One thing that my detractors used to do was to say: "Even supposing you are correct about the photo-electric effect, how can you explain the Compton Effect?" The nasty thing about this argument is that they don't actually admit I am right about the photo-electric effect! They say "even if..." which doesn't concede anything, and then refuse to deal with the point I raised until I can deal with a completely different point!

It's unfair because there is no limit to the number of specific complications they can invoke in order to avoid meeting my argument head on. One of the most obnoxious practitioners of this tactic is the well-known ZapperZ of physicsforums.com, who would say things like, "even if you can explain some of the more basic features of the photo-electric effect, you cannot explain the detailed scattering-angle dependencies....". My high-school teacher didn't explain the "detailed scattering-angle dependencies" either when he declared that "light is made of photons", but no one objected to that! There is a world of difference between saying "you, Marty Green, have not yet shown that you can calculate a specific result based on your theory" and saying that "your theory is incapable of giving correct results for this calculation", but the argument by ZapperZ and others simply glosses over the distinction and coflates them into one single argument which is impossible for anyone to answer.

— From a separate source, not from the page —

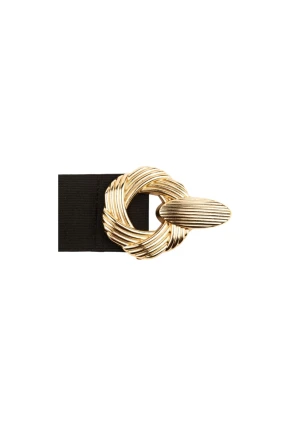 Kadın Burgu Tokalı Lastikli Kemer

I endured almost ten years of indignities at the hands of these people because in the end, I was unable despite my best efforts to explain the Compton Effect using the wave theory of light. And then one day, I did it! I was jubilant and imagined that I was on the verge of overturning the whole paradigm that had dominated physics since the Copenhagen school adopted Max Born's probability interpretation of the wave function in 1927. Sadly, it was not to be, as I explained in my recent blogpost, "How I got Cheated Out of the Nobel Prize" . The problem was not that my argument was flawed, it was that it had already been published by no less than Schroedinger himself in 1927, only to be ignored by the then alpha-males of the physics world: Bohr, Heisenberg, Born, Lorentz, etc.

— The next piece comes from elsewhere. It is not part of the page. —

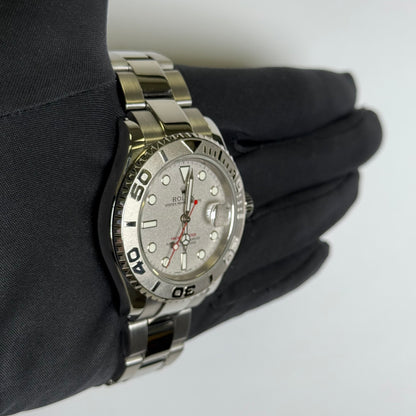 Rolex Yacht-Master 40mm Silver Dial Watch Ref# 16622 - Happy Jewelers Fine Jewelry Lifetime Warranty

That's how it goes in physics. You come up with something and everyone says, "you're a quack, you're crazy, you don't know what you're talking about", and then you find a reference in the published literature to support what your saying! Without skipping a beat, the naysayers are singing a new tune: "oh, it's nothing new, it's well known, nobody is interested in that anymore."

You don't normally recover from a setback like that, but incredibly I still have one last shot at immortality. It's my theory of Quantum Siphoning , and if anything is a game-changer this is it. I already said that the density of the wave energy was a key problem that I had overcome in the argument over the photo-electric effect, but in fact I still had a problem with energy density. The problem was the case of light from an extremely distant star falling on a photographic plate. It seems that no matter how weak the light, even if you have to wait hours between events, here and there you get single atoms of silver bromide being reduced to metallic silver. The problem was that the energy required for this chemical transformation was more than anything conceivably available from the incident light in wave form.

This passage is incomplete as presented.